Meals on Wheels receives spike in donations after White House proposes cuts

Justin Carissimo
A Catholic Services worker prepares Meals on Wheels lunch delivery on March 12, 2014 in Franklin, New Jersey: John Moore/Getty

Since the White House released its latest budget proposal to defund various social programs, Meals on Wheels has received a massive increase in online donations and volunteer signups.

The non-profit organization that serves 2.4 million Americans received more than $100,000 in donations over a two-day period, officials announced on Saturday. The organization typically receives nearly $1,000 in daily online donations.

The White House announced on Thursday its plan to eliminate the Community Development Block Grant program that funds 3 percent of Meals on Wheels operations nationwide. Still, spokeswoman Jenny Bertolette warned on CNN that the group’s 5,000 local branches rely heavily on the money to bring food to people who need it the most.

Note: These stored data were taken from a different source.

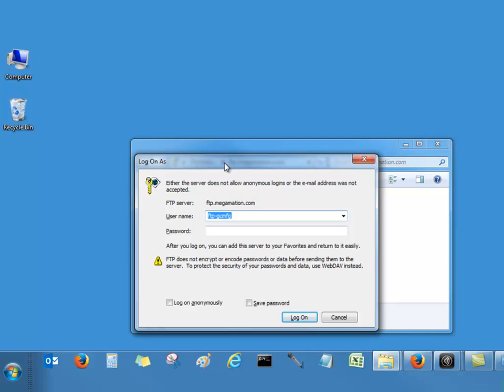Type in your credentials. If you are not sure about your credentials, your login and password for your FTP account, you can contact your supervisor or call Megamation Support Hotline.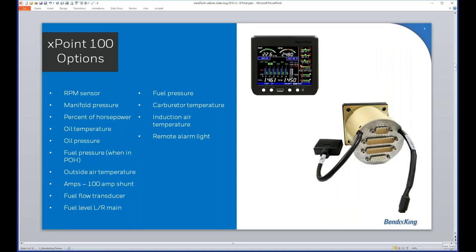Looking at the X-Point options, everything from an RPM sensor down to a remote alarm light is available. If any parameter goes outside its normal operating range, the remote alarm light illuminates front and center so you can take action. There are quite a few options, and many people won't need all of them — that's why they're offered as options, keeping costs down with a tailored à la carte model.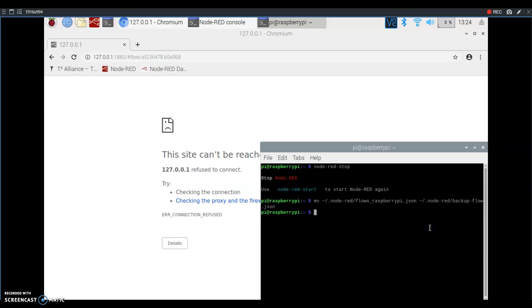But you can't bring them all back because then you'll be right where you started with Node-RED constantly restarting and unable to use.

She explained that one branch just outside of Detroit relies on the block grants for 30 percent of their budget. And in San Jose, another branch had received nearly $2.5 million in funding in block grants to address the homeless and cover other costs.

"We can't spend money on programs just because they sound good and great," Mick Mulvaney, the White House budget director, told reporters on Thursday. "Meals on Wheels sounds great. Again that's a state decision to fund that particular portion to it. To take the federal money and give it to the states and say, 'Look, we want to give you money for programs that don't work.' I can't defend that anymore."

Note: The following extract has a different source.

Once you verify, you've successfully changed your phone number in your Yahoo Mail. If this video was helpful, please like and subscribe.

If the budget were to pass, the Department of Health and Human Services would see a 16.2 percent cut in funding. Officials with Meals on Wheels are still wondering how the budget will affect funding from the Older Americans Act, the organization’s primary source of funding. Bertolette said that Meals on Wheels would take a significant hit if that funding were cut.

"This is gonna take a huge effort on the Hill in the next weeks and months to really advocate for our program," she told CNN. "This budget would add insult to injury."